Stored data:
----

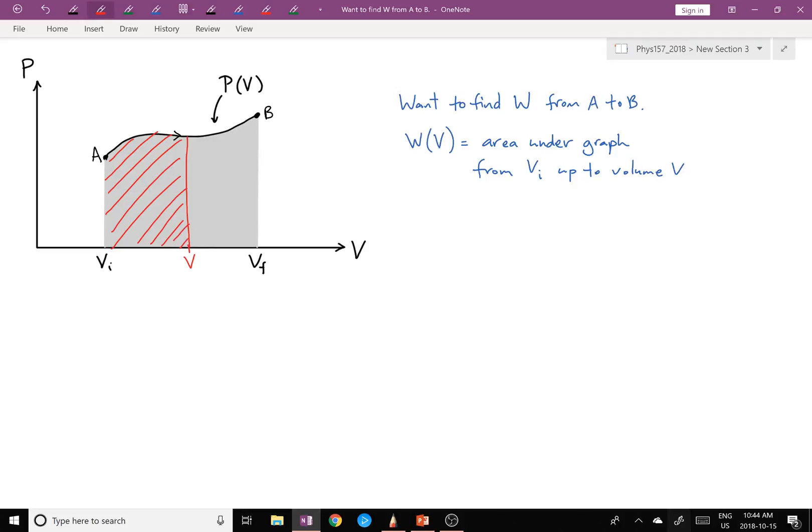W is the total area under the curve from A to B. W(V) is the area shaded from the initial volume to some volume V — so that would be the work done in part of the process where we start at V_initial and go to the volume V.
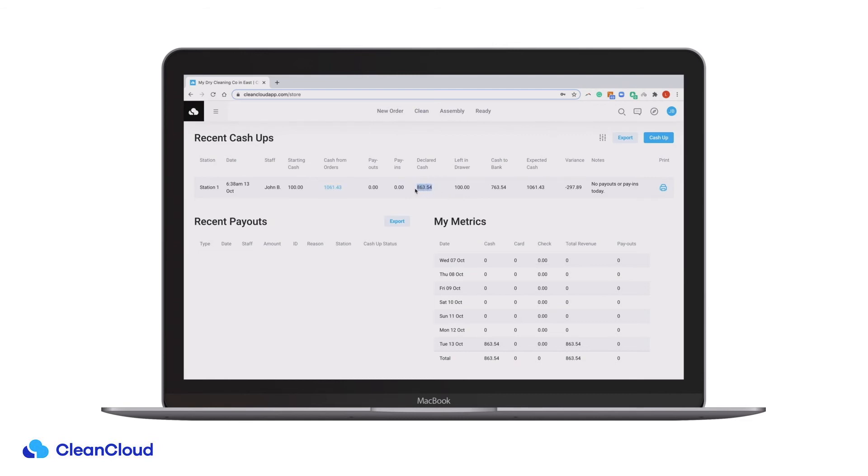Declared cash is the amount declared by the staff member that cashed up. Cash to bank is the declared cash minus the cash left in the draw.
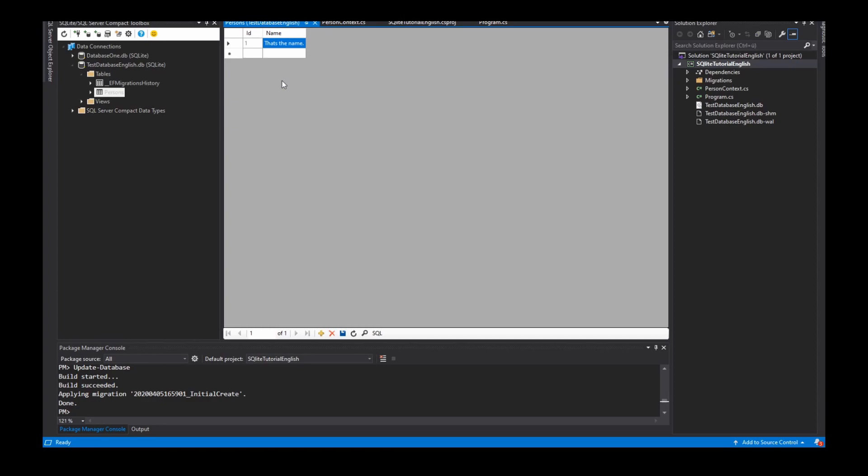So now I have connected my database with my project and in the next videos I show you what I can do with the Entity Framework. If you like this video, subscribe the channel and give me some feedback if you need more information or if you have some other information for me and the community. Thank you and see you next time, bye.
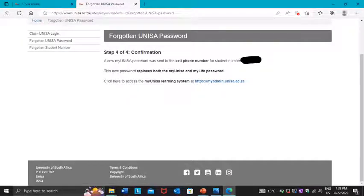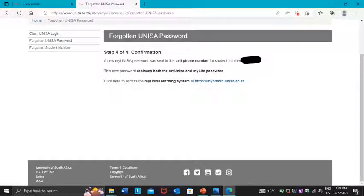They are going to send your password via email and also via SMS. The one you will be able to view most easily is the one on the SMS. If you have any questions, please comment and don't forget to subscribe — YouTube subscriptions are free.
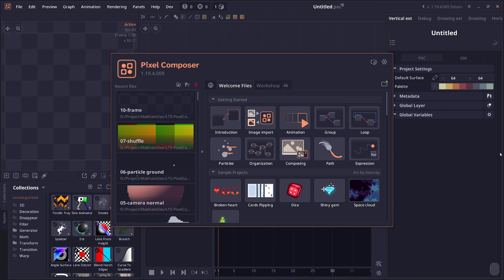Welcome to Pixel Composer 1.19.4. This version introduced a bug.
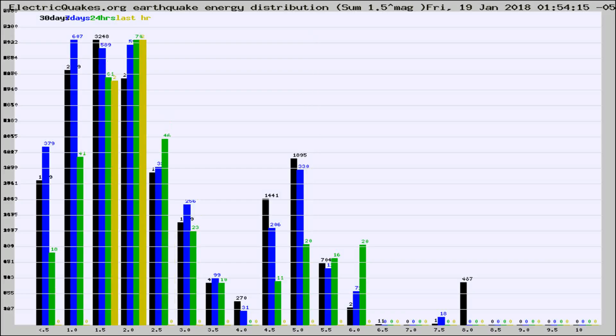Different colored columns are for 30 days, 7 days, 24 hours, and the last hour.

----

→ Instructions to follow
Set down exactly, with no additions, each line from the line that includes "Welcome to Pixel" to the final line of the entries above; leave pictures out.

→ Problem solution
Welcome to Pixel Composer 1.19.4. This version introduced a bug.
Different colored columns are for 30 days, 7 days, 24 hours, and the last hour.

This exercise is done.